While Windows has a built-in Disk Cleanup Wizard for banishing old files to the scrapheap, WinDirStat is a more thorough tool that gives you a graphical view of the different file types taking up drive space, allowing you to delete or move them to an external drive.

OS X allows you to do this in a less-technical manner by using Finder to search the entire Mac and ordering files by size. For third-party utilities, iStat Menus from Bjango is a simple way to get an instant glance at how much free space remains on your hard-disk or SSD.

4.) Clean Your PC's Innards

Without proper care and attention, the inside of a PC tower can become dustier than a Shoreditch rave. Too much cack inside can suffocate components and lead to a build up of heat, reducing performance and increasing the chance of a hardware failure.

To give it the spring clean it deserves you'll need a Philips head screwdriver to get into the case, as well as a can of compressed air. After shutting down the PC and disconnecting all of the ports from the back of it, open the case and use compressed air to blow away any dust starting from the top. Make sure not to touch any components and leave a good distance between the can and components. Use a vacuum cleaner to clean up the mess once you're done, but refrain from sticking the nozzle inside the case itself.

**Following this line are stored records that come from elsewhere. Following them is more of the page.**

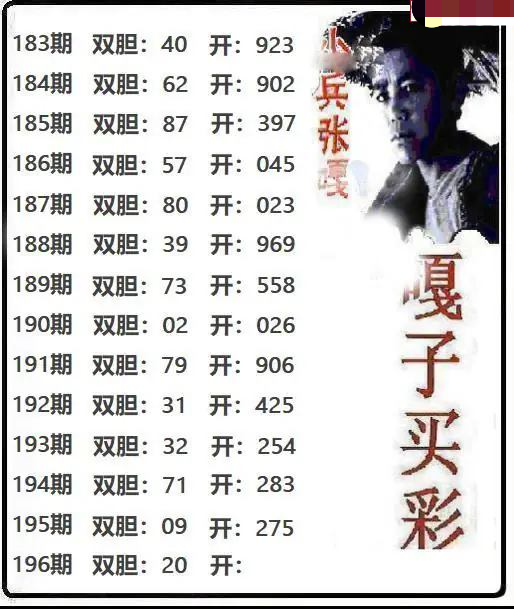 嘎子买彩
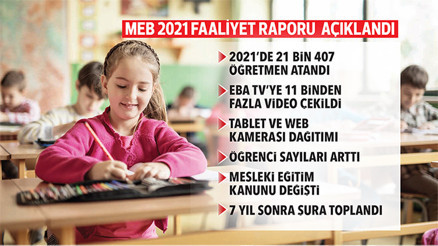MEB 2021 Faaliyet Raporu açıklandı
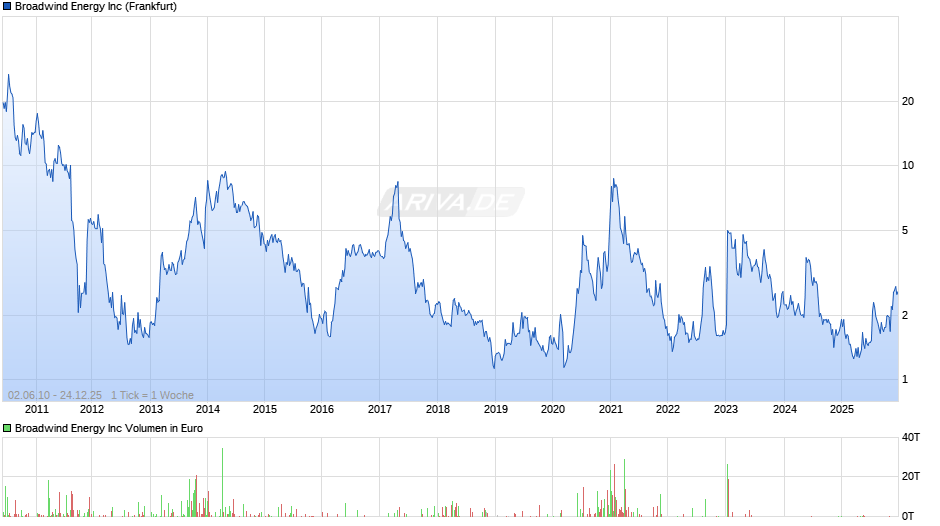 Broadwind Energy Chart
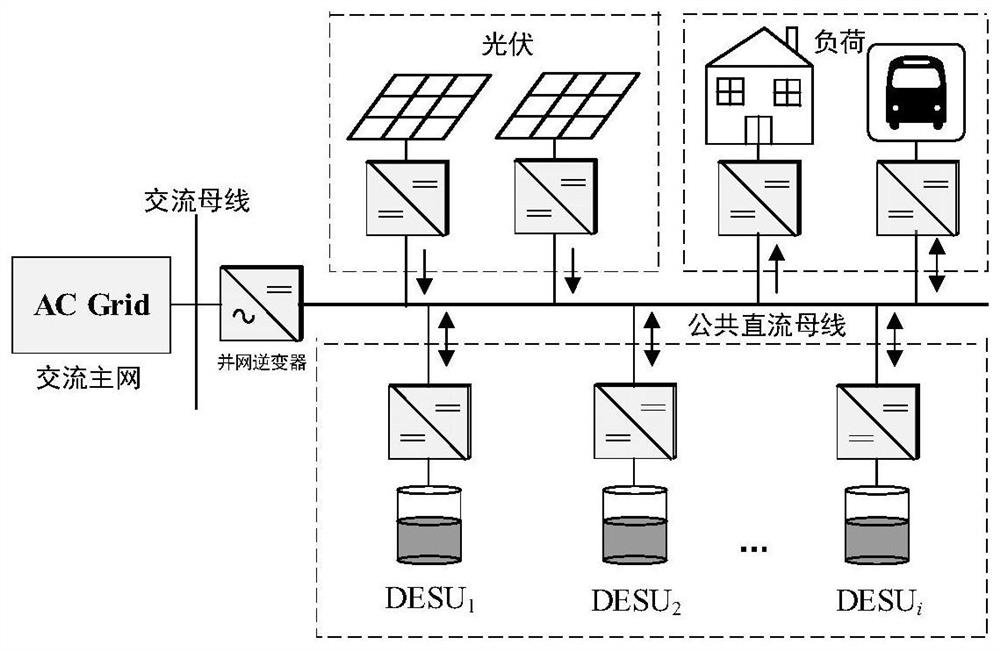 A state-of-charge balance control method for parallel multi-energy storage in isolated DC microgrid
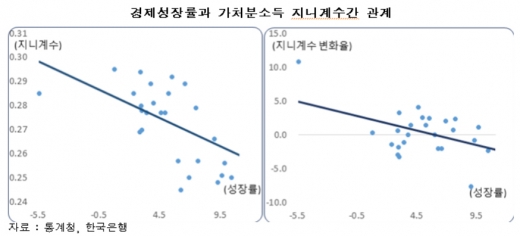 /그래프=한국경제연구원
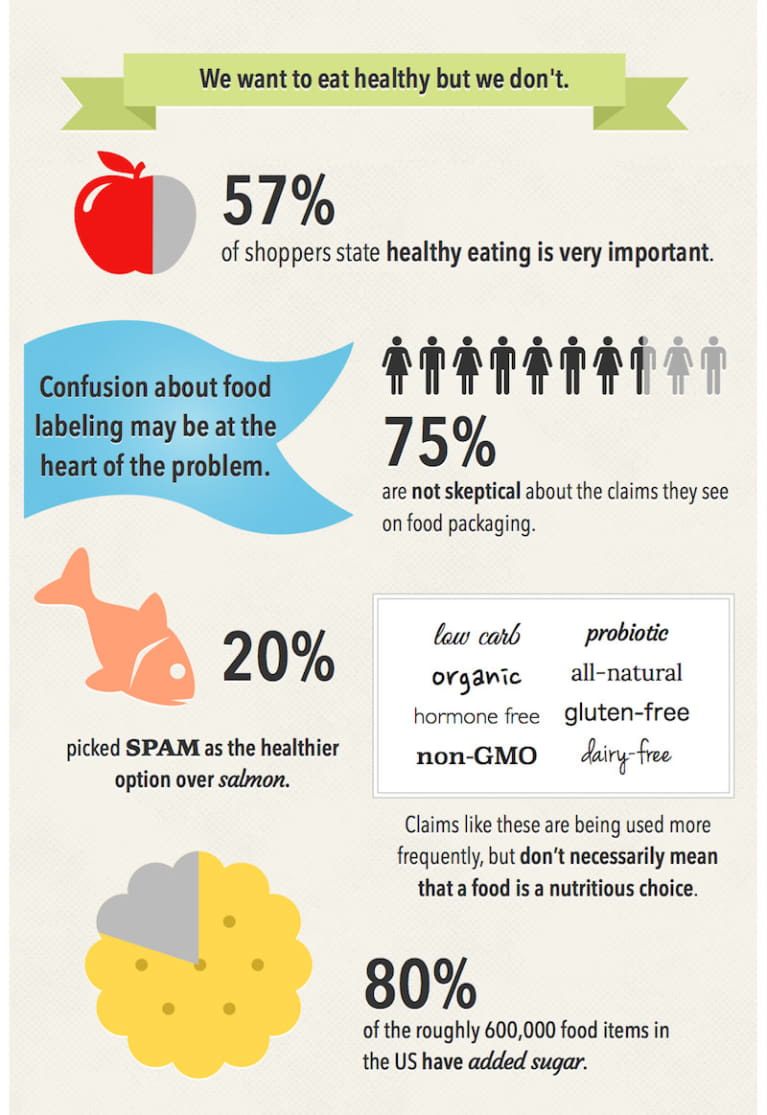 How Food Labels Are Making Us Fat (Infographic) - mindbodygreen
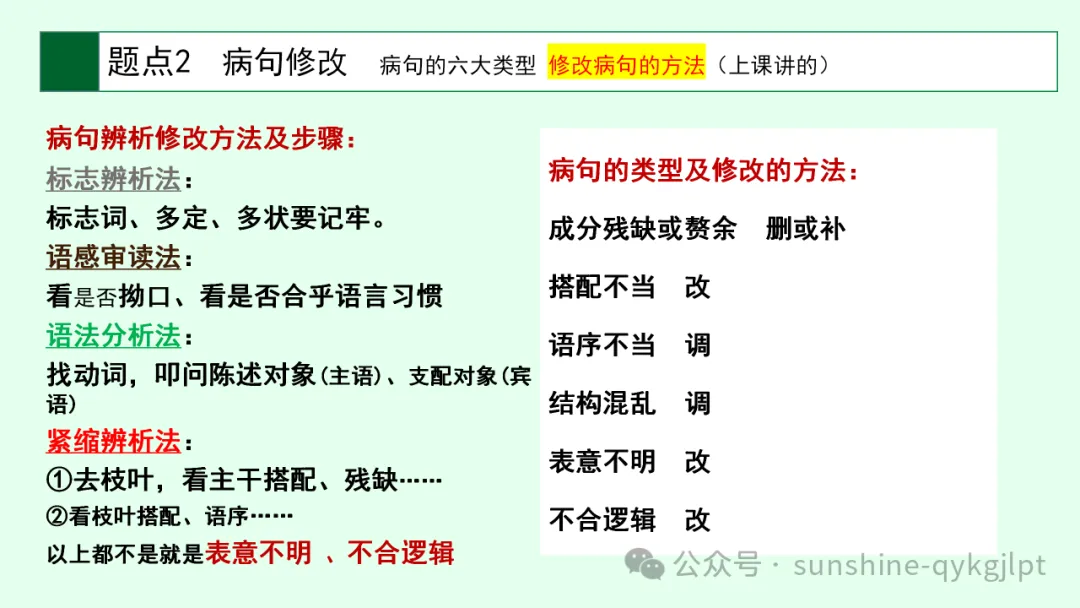 高考语言文字应用知识点题点框架思维导图-第5张图片-四季读书网
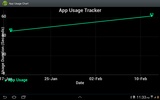 App Usage Tracker screenshot 13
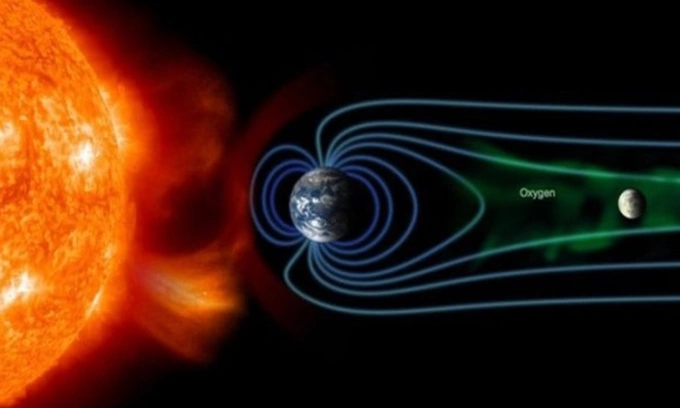 Mô phỏng vệt đuôi từ của Trái Đất đẩy oxy về phía Mặt Trăng. Ảnh: NASA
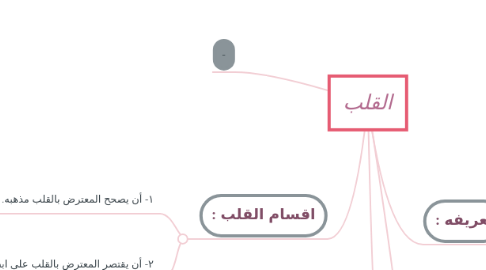 Mind Map: القلب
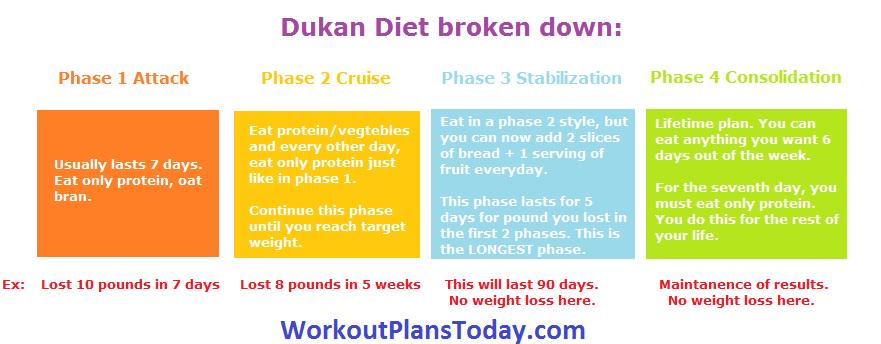 Dukan Diet Plan And Dukan Diet Reviews   t.co/AbJqbjs1Sv?whQ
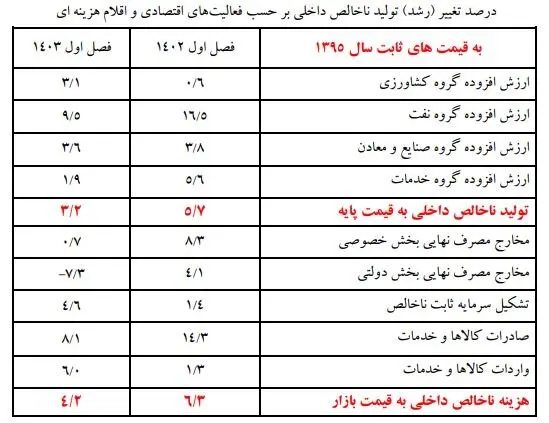 جزئیات تحولات اقتصادی در بخش های اقتصادی/گروه  نفت صدرنشین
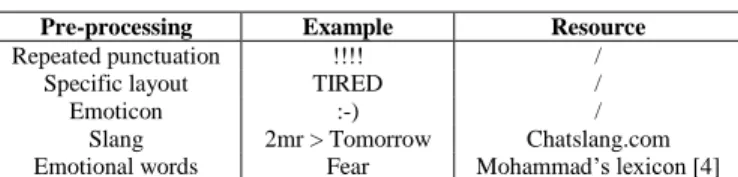 TABLE I.   P ERCENTAGE OF SENTENCES IN BOTH  AAC  AND  MAC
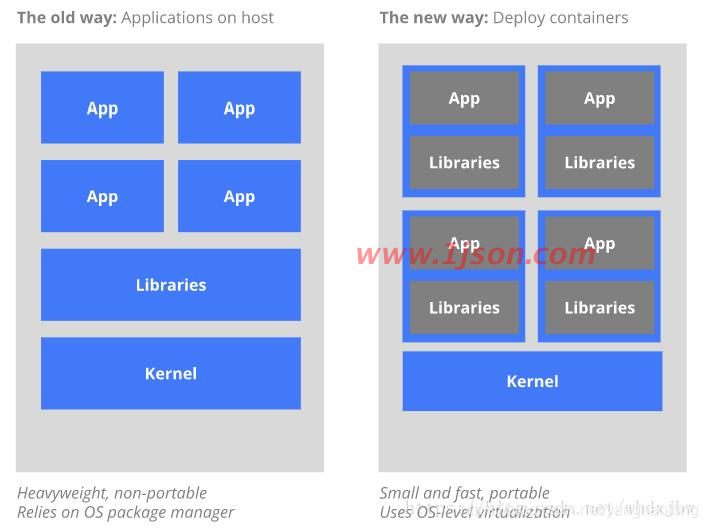 k8s与docker区别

5.) Prevent Email From Clogging Everything Up

If you use a desktop email client and find that you're constantly wasting your efforts archiving stacks of emails, unroll.me is a simple tool that lets you quickly unsubscribe to multiple services you may have signed up for. Think of it as a faster way of clicking on the "Unsubscribe Me" links at the bottom of emails.

After entering your email address and accepting the terms and conditions, it scans your inbox for signed-up services before giving you the option to Unsubscribe en masse. There's a five-subscription limit that you can overcome by liking its Facebook page (and then deleting your new post straight after).

6.) Clear Out Viruses and Malware

Whether you've accidentally clicked on a few less-than-trustworthy links scouring the web, or have been unlucky enough to fall into a trap, viruses, spyware and malware can be a root cause of a slow computer. There's a long-running myth that Macs don't need anti-virus, which isn't strictly true (viruses are less common, but they're out there), so if your Apple-branded machine is acting suspiciously slow it's worth running a free tool like Avast, or Sophos Antivirus for Mac.

As you would expect, there's a longer list of malware scanners on Windows vying for your attention that includes Malwarebytes, BitDefender Free Edition, Kaspersky Virus Removal Tool and SuperAntiSpyware. You can also help protect your PC or Mac by keeping it as up-to-date as possible through enabling automatic updating via the Settings pane on Windows or System Preferences > App Store on OS X.

7.) Avoid Wi-Fi Interference

Speeding up your computer will feel like it has had less impact if you're bogged down by slow Wi-Fi connectivity for connecting to the internet. With an increasing number of wireless-enabled devices entering homes, all battling for the same slice of spectrum, it's useful to find the Wi-Fi channel experiencing the least interference from other access points around you.

A Wi-Fi analyser such as Acrylic WiFi can help by scanning for nearby wireless networks and identifying the Wi-Fi channels they're turned into, allowing you to log into your router and switch to a lesser-populated channel to ramp up speeds.